/ 21 November 2013

COP19: NGO delegates walk out of Warsaw climate talks in protest

Cop19: Ngo Delegates Walk Out Of Warsaw Climate Talks In Protest

A massive walk-out of 800 delegates from non-governmental organisations characterised the second-last day of the 19th Conference of the Parties (COP19) to the Kyoto Protocol in Warsaw, Poland, on Thursday. The delegates were protesting against the low ambition of the conference, the influence of dirty energy and the lack of new financing.

China led 132 countries in a similar walk-out the day before in protest against the lack of progress on funding for "loss and damage". This is the argument at the core of the previous 18 such annual meetings – the developing world wants the developed world to pay for current and future environmental damage from climate change.

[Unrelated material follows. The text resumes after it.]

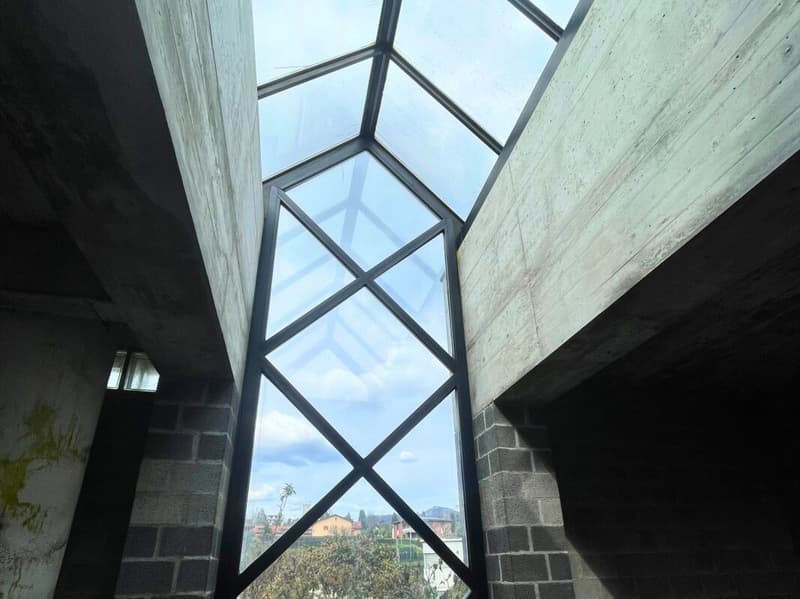 Casa unifamiliare su tre livelli con terrazza panoramica e giardino (8)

They say the mostly Western countries are responsible for the majority of global greenhouse gas emissions, so should take responsibility for the environmental damage caused. 

Chief Phillippine negotiator Naderev "Yeb"​ Sano has been fasting for the past 11 days of the conference in support of this argument. Sano's delegation opened COP19 when the fallout from Typhoon Haiyan was still unknown, saying climate change would make these disasters a new normal. "We refuse, as a nation, to accept a future where super typhoons like Haiyan become a fact of life," he said.

The lack of expectations meant the conference started with little hype and great concern that host country Poland generates 90% of its energy from coal. The country was holding a conference on coal at the same time as the climate talks. 

What little hope there is stems from the Durban Platform agreement thrashed out in the early hours the day after COP17 concluded in 2011. It sets out the process by which all parties to the UN Framework Convention on Climate Change will commit to a new, legally binding agreement to reduce greenhouse gas emissions. The global agreement has to be agreed on by 2015 and in force by 2020, which made it imperative that delegates thrash out a large part of the draft version this year for consideration at next year's COP20 in Lima, Peru. 

Poor example
The Green Climate Fund exemplifies the problems being experienced in the developing world and by environmental organisations. The fund is supposed to make $100-billion a year available by 2020 to help countries adapt to climate change. But as that is still seven years away, countries are requesting "fast start" financing to help them deal with climate change now. But little progress has been made and the fund remains virtually empty.

Political changes in some of the world's biggest carbon emitting nations have lowered expectations as they pull back from promises to lower emissions. Australia, which has elected a government that does not believe in human-driven climate change, has pulled out of all promises. Canada has lauded this and pulled out of the Kyoto Protocol. Japan has lowered its targets and Europe is refusing to increase its emission reduction targets. The United States has pushed through laws only by bypassing Congress through executive orders.

This all comes at a time when the science around climate change has become unequivocal – humans are driving climate change and the world is getting warmer. This year will be the seventh hottest on record. The most recent Intergovernmental Panel on Climate Change report, released in October, concluded that it was "virtually certain" humans are responsible for climate change. 

The World Bank's Turn Down the Heat report said current pledges by nations to lower greenhouse gas emissions – even before some lowered their emission reduction targets – would still see the world 4°C warmer by 2060. Another report by non-governmental climate change organisations, Banking on Coal, found that coal production had increased by 70% since 2000, driven by investment banks in Europe, the US and China.

The 19th Conference of the Parties ends on Friday. And traditionally, the host country has had to lock delegates in a room on the last night to force an agreement so that it can say some success has been achieved.